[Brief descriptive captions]
· · · · · · ·

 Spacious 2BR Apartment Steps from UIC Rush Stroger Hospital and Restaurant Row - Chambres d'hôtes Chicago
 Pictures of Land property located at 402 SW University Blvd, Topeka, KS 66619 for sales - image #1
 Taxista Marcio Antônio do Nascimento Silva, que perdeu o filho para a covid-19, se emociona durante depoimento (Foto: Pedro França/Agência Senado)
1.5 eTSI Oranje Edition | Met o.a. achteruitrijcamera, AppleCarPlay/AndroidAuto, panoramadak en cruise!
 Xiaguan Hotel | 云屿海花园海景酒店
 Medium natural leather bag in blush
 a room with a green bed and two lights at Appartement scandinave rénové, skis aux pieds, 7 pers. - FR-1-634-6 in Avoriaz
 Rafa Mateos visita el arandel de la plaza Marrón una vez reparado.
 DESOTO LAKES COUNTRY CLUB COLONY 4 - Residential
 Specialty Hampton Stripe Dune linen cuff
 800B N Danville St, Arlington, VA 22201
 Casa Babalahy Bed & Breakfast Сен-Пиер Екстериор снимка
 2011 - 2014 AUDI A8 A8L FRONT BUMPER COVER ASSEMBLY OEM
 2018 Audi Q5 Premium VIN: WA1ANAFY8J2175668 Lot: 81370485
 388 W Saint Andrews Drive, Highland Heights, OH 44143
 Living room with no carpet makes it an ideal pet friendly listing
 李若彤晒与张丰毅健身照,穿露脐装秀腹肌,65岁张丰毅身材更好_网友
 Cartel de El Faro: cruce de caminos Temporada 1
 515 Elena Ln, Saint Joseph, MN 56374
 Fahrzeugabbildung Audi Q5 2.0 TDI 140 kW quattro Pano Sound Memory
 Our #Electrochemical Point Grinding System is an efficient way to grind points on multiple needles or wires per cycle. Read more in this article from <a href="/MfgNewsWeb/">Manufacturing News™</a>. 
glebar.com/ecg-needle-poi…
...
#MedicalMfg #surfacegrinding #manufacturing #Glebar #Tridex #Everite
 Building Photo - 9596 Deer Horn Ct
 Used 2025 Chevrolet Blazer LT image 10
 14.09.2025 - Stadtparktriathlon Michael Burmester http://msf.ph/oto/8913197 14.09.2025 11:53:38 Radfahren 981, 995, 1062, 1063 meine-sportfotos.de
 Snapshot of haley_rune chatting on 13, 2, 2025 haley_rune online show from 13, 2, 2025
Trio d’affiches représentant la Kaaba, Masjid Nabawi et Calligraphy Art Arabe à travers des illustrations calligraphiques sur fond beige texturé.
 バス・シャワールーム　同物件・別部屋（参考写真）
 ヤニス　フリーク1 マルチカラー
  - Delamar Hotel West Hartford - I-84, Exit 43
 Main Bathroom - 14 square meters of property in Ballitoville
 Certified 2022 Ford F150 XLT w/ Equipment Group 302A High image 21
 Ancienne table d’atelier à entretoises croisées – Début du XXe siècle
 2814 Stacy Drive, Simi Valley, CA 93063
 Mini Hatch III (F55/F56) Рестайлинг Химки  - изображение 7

· · · · · · ·

### The problem
Start with the line above that contains "Our #Electrochemical Point" and end with the line that contains "14.09.2025 - Stadtparktriathlon". Write out those lines exactly, and only those.

### Problem solution
 Our #Electrochemical Point Grinding System is an efficient way to grind points on multiple needles or wires per cycle. Read more in this article from <a href="/MfgNewsWeb/">Manufacturing News™</a>. 
glebar.com/ecg-needle-poi…
...
#MedicalMfg #surfacegrinding #manufacturing #Glebar #Tridex #Everite
 Building Photo - 9596 Deer Horn Ct
 Used 2025 Chevrolet Blazer LT image 10
 14.09.2025 - Stadtparktriathlon Michael Burmester http://msf.ph/oto/8913197 14.09.2025 11:53:38 Radfahren 981, 995, 1062, 1063 meine-sportfotos.de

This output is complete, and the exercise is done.